In reply to the US arrest threats, the Australian sent a chilling threat, saying if he was prosecuted or assassinated he would unlock a 'poison pill' - the entire archive of internal cables which have been downloaded in a secret document by more than "100,000 people".

Since last Monday WikiLeaks have released just 1000 of the 251,287 internal cables.



Commentary by the Ottawa Mens Centre

What is chilling is the psychopathic lack of empathy of Julian Assange who very obviously has a serious personality problem and probably, a mental health problem that goes with genius IQ, if that is true.

If he has brains upstairs , he sure did not engage them prior to forcing willing participants to PROTECTED SEX into unprotected sex.

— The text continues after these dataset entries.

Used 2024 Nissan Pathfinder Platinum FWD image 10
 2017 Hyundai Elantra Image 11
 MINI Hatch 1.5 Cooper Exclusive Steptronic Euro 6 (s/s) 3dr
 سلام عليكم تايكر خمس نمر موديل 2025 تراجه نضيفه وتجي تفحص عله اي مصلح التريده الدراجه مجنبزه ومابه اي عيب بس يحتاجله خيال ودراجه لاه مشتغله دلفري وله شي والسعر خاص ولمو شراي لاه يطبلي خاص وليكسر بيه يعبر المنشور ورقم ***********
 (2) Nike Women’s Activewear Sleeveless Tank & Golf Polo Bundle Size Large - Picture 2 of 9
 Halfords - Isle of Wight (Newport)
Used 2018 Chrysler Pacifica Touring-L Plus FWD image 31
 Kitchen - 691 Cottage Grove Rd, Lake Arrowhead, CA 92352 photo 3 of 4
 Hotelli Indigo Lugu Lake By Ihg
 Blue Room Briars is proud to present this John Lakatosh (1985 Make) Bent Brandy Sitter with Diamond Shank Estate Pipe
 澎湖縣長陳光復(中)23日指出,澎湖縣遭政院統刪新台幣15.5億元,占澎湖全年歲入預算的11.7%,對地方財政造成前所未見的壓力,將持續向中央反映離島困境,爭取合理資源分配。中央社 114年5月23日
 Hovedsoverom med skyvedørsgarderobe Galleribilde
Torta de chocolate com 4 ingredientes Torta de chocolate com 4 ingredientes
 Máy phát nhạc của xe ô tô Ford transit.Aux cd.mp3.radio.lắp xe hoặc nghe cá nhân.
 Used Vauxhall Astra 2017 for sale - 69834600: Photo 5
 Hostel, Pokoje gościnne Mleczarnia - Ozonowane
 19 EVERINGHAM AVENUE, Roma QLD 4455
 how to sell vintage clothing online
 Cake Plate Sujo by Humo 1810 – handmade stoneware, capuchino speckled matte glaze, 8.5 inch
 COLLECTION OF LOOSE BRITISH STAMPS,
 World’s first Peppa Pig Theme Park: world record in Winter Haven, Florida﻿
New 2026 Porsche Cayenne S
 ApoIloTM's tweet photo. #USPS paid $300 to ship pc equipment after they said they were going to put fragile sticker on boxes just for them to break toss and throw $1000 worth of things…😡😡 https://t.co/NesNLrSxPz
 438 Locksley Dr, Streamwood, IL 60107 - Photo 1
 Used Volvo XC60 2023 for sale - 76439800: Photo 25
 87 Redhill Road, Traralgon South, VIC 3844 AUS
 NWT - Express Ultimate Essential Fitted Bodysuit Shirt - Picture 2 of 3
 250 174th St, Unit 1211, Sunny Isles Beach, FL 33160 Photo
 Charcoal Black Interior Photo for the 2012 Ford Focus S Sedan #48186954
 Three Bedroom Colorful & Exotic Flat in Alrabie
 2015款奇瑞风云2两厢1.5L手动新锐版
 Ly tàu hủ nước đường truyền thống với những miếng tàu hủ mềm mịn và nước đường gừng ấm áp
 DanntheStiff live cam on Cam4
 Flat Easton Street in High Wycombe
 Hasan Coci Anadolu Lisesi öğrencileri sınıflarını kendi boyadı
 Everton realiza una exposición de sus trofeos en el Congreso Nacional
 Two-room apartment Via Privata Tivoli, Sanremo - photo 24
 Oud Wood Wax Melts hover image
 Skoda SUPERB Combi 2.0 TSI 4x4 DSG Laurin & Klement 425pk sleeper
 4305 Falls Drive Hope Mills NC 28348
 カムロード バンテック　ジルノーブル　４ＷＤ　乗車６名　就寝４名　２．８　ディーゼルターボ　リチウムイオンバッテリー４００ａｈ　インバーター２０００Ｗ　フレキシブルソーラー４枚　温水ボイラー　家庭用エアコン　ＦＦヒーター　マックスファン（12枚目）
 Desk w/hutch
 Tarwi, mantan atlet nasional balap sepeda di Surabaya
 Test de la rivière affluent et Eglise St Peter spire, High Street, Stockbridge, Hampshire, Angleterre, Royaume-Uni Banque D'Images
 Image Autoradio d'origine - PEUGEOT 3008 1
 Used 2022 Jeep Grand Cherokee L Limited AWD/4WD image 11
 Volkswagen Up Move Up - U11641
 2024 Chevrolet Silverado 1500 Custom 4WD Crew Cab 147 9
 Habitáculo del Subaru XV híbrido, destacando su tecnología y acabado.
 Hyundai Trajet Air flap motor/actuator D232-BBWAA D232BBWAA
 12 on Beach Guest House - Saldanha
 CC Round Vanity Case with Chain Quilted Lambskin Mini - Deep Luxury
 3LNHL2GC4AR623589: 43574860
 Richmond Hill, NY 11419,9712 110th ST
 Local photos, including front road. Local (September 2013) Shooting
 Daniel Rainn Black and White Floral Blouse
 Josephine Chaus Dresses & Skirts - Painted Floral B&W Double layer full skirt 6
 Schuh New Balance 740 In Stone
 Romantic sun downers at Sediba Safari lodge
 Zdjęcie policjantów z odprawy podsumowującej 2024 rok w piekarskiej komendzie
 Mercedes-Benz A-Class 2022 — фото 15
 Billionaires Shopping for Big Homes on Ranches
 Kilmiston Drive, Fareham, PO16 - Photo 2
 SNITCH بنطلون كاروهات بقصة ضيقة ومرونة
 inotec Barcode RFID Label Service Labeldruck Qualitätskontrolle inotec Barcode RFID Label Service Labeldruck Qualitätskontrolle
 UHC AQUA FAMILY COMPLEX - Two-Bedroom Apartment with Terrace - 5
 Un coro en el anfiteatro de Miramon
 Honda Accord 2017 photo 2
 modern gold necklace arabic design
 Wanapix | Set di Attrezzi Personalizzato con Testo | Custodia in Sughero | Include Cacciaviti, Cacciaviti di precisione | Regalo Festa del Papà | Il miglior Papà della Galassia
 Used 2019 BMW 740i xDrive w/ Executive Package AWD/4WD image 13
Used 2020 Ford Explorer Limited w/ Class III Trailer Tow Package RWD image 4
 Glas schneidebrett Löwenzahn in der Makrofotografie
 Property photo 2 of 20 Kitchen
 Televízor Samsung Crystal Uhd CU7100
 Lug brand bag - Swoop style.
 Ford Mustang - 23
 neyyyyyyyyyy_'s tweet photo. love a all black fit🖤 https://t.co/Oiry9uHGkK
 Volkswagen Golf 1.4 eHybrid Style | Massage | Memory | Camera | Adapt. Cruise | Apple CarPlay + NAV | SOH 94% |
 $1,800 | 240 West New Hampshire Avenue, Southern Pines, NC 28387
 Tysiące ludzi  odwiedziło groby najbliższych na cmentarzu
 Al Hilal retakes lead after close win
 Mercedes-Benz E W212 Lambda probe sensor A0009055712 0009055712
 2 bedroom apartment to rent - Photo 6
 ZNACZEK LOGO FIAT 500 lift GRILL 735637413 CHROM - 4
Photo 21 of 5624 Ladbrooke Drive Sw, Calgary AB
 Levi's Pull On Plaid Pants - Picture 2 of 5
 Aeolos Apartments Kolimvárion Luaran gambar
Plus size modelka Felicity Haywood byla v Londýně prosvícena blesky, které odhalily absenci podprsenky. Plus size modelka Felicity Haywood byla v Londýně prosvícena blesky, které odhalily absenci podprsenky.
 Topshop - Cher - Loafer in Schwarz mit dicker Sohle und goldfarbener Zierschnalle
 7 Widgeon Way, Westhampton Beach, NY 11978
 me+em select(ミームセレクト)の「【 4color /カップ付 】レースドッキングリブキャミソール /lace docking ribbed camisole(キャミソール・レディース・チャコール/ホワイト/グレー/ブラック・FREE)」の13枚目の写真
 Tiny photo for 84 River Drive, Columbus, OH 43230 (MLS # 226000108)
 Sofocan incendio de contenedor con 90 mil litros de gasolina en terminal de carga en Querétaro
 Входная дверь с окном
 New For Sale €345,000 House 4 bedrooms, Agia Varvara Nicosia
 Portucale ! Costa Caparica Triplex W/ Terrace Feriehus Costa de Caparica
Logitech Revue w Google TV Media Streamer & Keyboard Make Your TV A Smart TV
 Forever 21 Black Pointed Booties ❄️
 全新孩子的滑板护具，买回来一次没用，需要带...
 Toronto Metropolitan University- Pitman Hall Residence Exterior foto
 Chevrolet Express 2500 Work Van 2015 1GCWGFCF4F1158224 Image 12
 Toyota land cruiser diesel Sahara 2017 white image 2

Its RAPE, and the evidence is damming.

What makes it incredible, is that Assange is claiming to be a victim, despite fleeing Sweden two days before a hearing he agreed to attend and apparently, he does not deny the substance of the allegations, he simply thinks he is above the law and no wonder why.

He also released the names of informants knowing full well that to do so was a virtual death sentence.

He has a lot to answer for and hopefully, a lot of time in cell to think about his actions.